The Economic Commission for Africa (ECA) has released a new report proposing to African nations various coronavirus disease (COVID-19) exit strategies following the imposition of lockdowns that helped suppress the virus but with devastating economic consequences.
At least 42 African countries applied partial or full lockdowns in their quest to curtail the pandemic.
The ECA estimates that a one-month full lockdown across Africa would cost the continent about 2.5 per cent of its annual GDP, equivalent to about $65.7 billion per month. This is separate from and in addition to the wider external impact of COVID-19 on Africa of lower commodity prices and investment flows.
In the new report titled; COVID-19: Lockdown exit strategies for Africa, the ECA proposes seven exit strategies that provide sustainable, albeit reduced, economic activity. The report sets out some of the exit strategies being proposed and tried around the world and outlines the risks involved for African countries.

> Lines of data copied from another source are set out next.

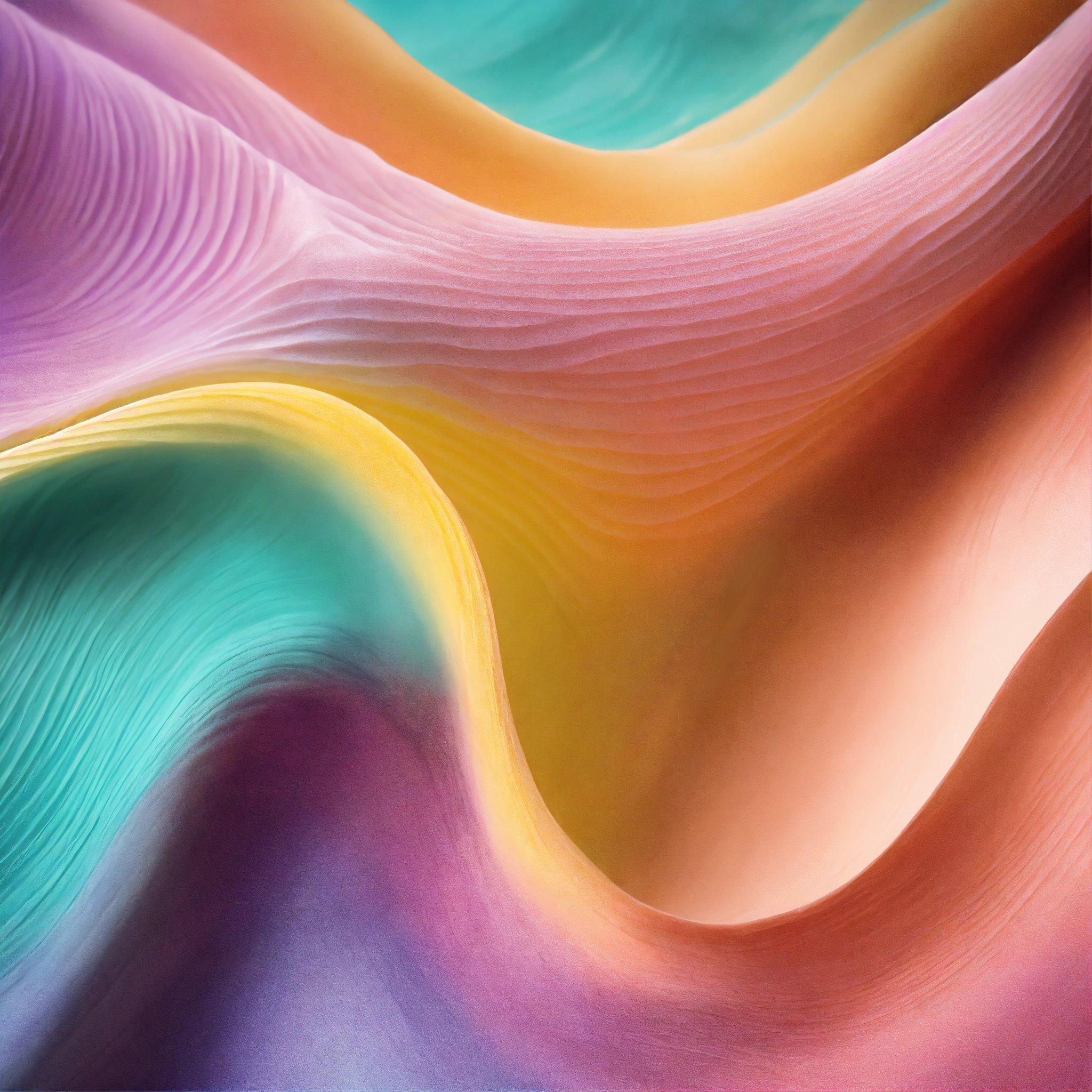 A Close Up Of A Colorful Background With Wavy Lines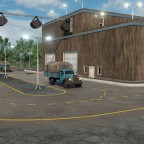 LKW fahren auf Bauernhof und Industrieanlage "Lebensmittelfabrik"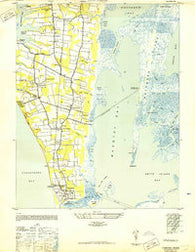 Townsend Virginia Historical topographic map, 1:24000 scale, 7.5 X 7.5 Minute, Year 1943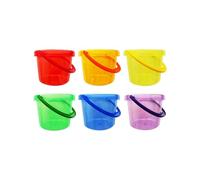 LLTCMYGS Giocattolo a Secchiello Trasparente colorato Montessori, Un Oggetto di Scena per Giochi d'Acqua per Bambini in Estate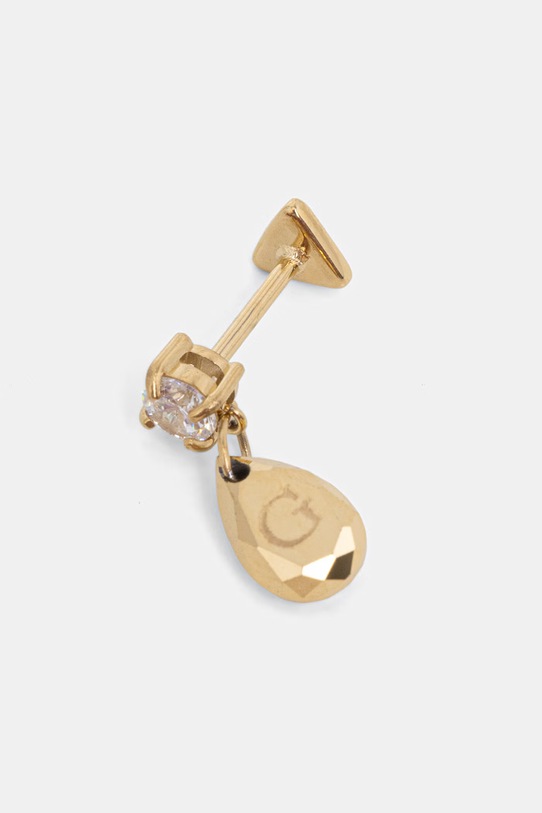 Guess kolczyk damski ze stali nierdzewnej PIERCING STUDIO JUBE06.257JW złoty SS26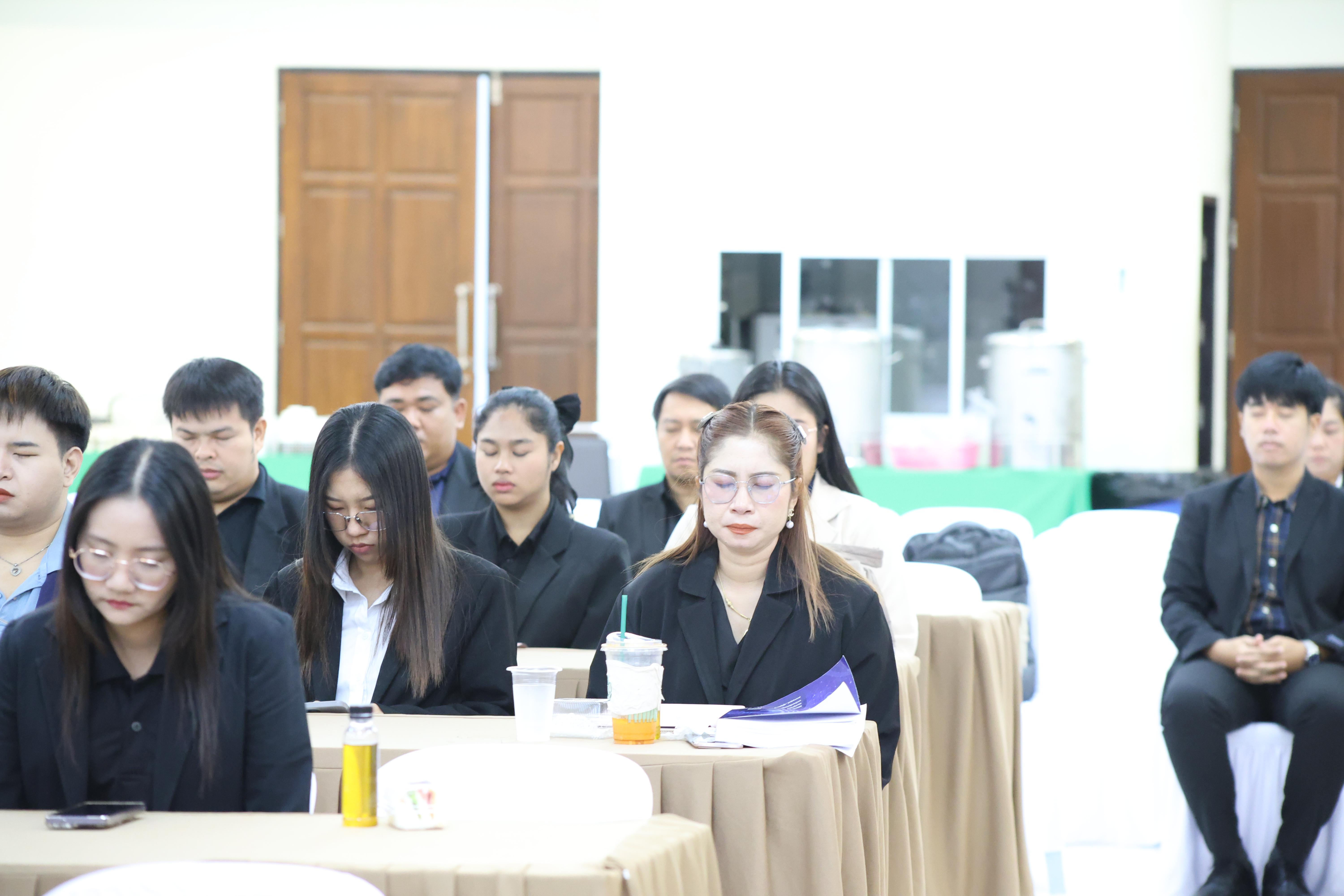 123. กิจกรรมสานสัมพันธ์สู่ขวัญน้อง-พี่ ตามวิถีวัฒนธรรมกัลยาณมิตรของนักศึกษาระดับบัณฑิตศึกษา สาขาวิชาบริหารการศึกษา ประจำปีการศึกษา2569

With the lockdowns came serious challenges for Africa’s economies, including a drop in demand for products and services; lack of operational cash flow; reduction of opportunities to meet new customers; businesses were closed; issues with changing business strategies and offering alternative products and services; a decline in worker production and productivity from working at home; logistics and shipping of products; and difficulties in obtaining supplies of raw materials essential for production.
Among the most sensitive issues facing policymakers is the impact of COVID-19 lockdowns on food security.
The seven lockdown exit strategies being proposed by the think tank are identified from proposals and trials around the world. They are assessed with respect to the extent to which each strategy minimizes uncertainty over fatalities. In most cases, countries are applying a combination of several strategies such as testing, contact tracing and gradual segmented reopening.
They are improving testing; lockdown until preventive or curative medicines are developed; contact tracing and mass testing; immunity permits; gradual segmented reopening; adaptive triggering; and mitigation.
Under adaptive triggering nations can ease lockdown once infections decline and re-impose if they begin to rise above intensive-care capacity. These would require regular shutdowns lasting two-thirds of the year, making little difference to permanent lockdown from an economic perspective. African health-care capacity is limited meaning capacity would quickly be exceeded, potentially resulting in fatalities.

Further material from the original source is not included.